Set Three began with watery bleeps from Speare, and then some sounds like a harpsichord. Eisenberg scratched the floor and then a metal barrel upended, with his drumstick. Gross wailed feebly and Cohen produced an effect of oscillation on his Nintendo thing. Eisenberg then bounced a large coil on the upended barrel, and tapped and flapped stuff, at one point getting up and rubbing the wall with his stick—and then with both sticks. Cohen produced a rumbling sound, to which Speare responded with some ghostly plumbing effects. It all faded out with Eisenberg shaking something in a tin pan. Vasylenko on Gross: "Water dripping in a cave."
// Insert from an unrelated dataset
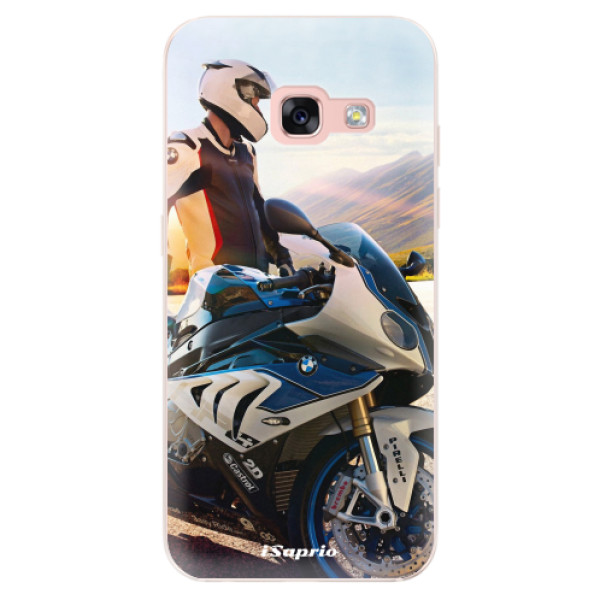 Odolné silikónové puzdro iSaprio - Motorcycle 10 - Samsung Galaxy A3 2017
Graham constituted the fourth set with Callahan and Rosenstein. He used a Velvetone mute on his trumpet, and pulled his minimalist thing out of his bag of many tricks. Callahan rubbed a cymbal on his snare as Graham whistled through his mouthpiece, which he then reattached to the trumpet body, bubbling and squeaking. Callahan scraped the cymbal with his stick, getting shock sounds, Rosenstein acting as a kind of anti-drone, interrupting the piece and taking it in new directions instead of providing a mellow, steady background. Graham got a sound so big it was like a tuba or a euphonium, with which he produced a line something like "Flight of the Bumblebee." Rosenstein inserted an electronic climax, Calllahan spun his snare like a top—getting his own drone sound—which Rosenstein zapped back at with his electric bass—Graham ending things with a foghorn diapason.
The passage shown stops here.